The seven fines, so far in 2013, bring to eight the number of members of the Council of Churches Baptist Church in Ayagoz who have been fined. Another is awaiting trial.

Members of the Council of Baptists have a policy of not seeking state registration, insisting that Kazakhstan’s constitution and the country’s international human rights commitments cannot require registration before they can meet to worship. The Baptists also have a policy of not paying the many administrative fines handed down to their members across Kazakhstan.

The April 4 raid on the Baptist service in Ayagoz came just four days after a raid on New Life church’s Easter Sunday service in Kazakhstan’s Akmola region encompassing the capital of the former Soviet satellite in central Asia.

As well as Council of Churches Baptists, Jehovah’s Witnesses also are facing an increasing number of administrative fines.

In other developments:

  • After widespread outrage among believers and human rights defenders in Kazakhstan, an appeals court has cancelled a lower court’s decision ordering the destruction of Bibles and other Christian literature confiscated from Baptist Vyacheslav Cherkaso. However, the court left a fine against Cherkaso unchanged.

  • Several prominent members of religious communities have found themselves on criminal investigation lists despite the fact that they have never been prosecuted or investigated on administrative or criminal charges.

  • Atheist writer and human rights defender Aleksandr Kharlamov is in detention in eastern Kazakhstan under investigation on criminal charges of inciting religious hatred for his writings on religion.

‘State registration’

The April 4 raid in Ayagoz was the second conducted in 2013 during a service at the Council of Churches Baptist church. District prosecutor Serik Turdin told Forum 18 on April 10, “Police drew up a record of an offense because they were meeting without state registration.”

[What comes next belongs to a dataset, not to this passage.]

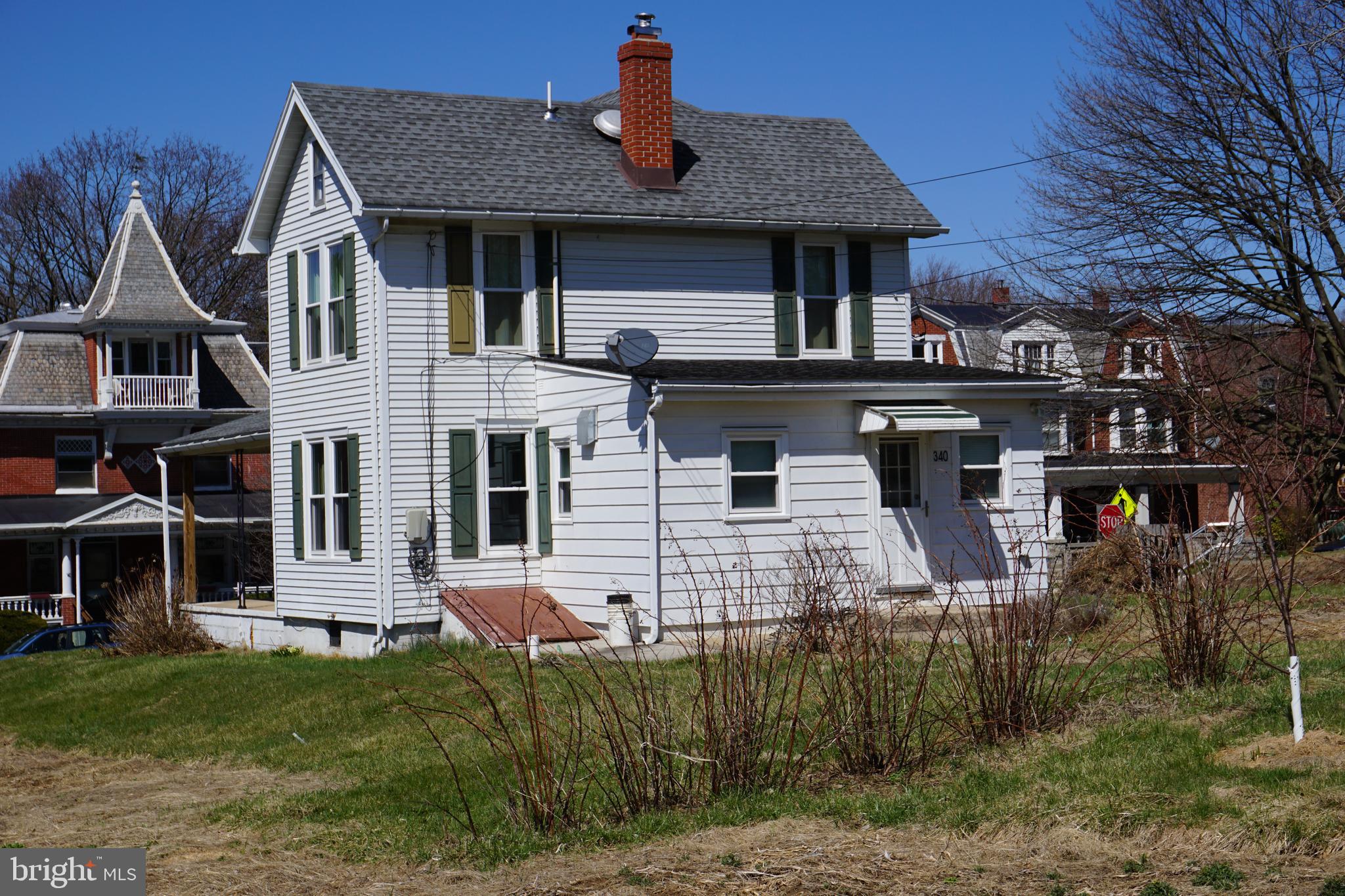 AUTUMN RIDGE - Residential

Administrative cases against eight church members were sent to the district court in Ayagoz for violating Code of Administrative Offences Article 374-1, Part 2 (“Participation in the activity of an unregistered or banned social or religious organization”).

Turdin’s assistant, Zukhra Shaimukhametova, represented the prosecutor’s office at the seven hearings conducted thus far, according to the verdicts. She was unavailable in court hearings each time Forum 18 tried to reach her on April 10.

In separate trials April 5, Judge Korlan Khalelova sentenced Valentina Dyakova, 77, and fellow church member Tatyana Agaeva, while Judge Nurzhalgas Tompakova sentenced Vera Poltoratskaya and Viktor Poltoratsky.

On April 8, Judge Khalelova sentenced Raisa Bakenova, 76, while Judge Bakdarly Orazbek sentenced Svetlana Zaitseva and Natalya Andryusheva.

Each was fined 50 Monthly Financial Indicators (MFIs) or 86,500 Kazakh Tenge ($575 in U.S. dollars), the maximum penalty under the statute. An official of the court who would not give his name told Forum 18 on April 10 that state employees locally receive a salary of between 50,000 and 90,000 Tenge per month while teachers generally would receive about 50,000 Tenge monthly.

At each trial, the court noted the March 1 letter from the East Kazakhstan Justice Department (produced for the earlier prosecution of the church’s leader, Pavel Leonov) that the Ayhagoz church does not have state registration. At Poltoratsky’s trial, according to the verdict, the court examined photographs of the church, with a sign outside that it is a “Prayer House for all Nations of the International Council of Churches of Evangelical Christian Baptists” and an inside room with a pulpit, benches and quotations from the Bible on the wall.

Court officials refused to tell Forum 18 when the case against the eighth church member, Valentina Bliznova, will be heard.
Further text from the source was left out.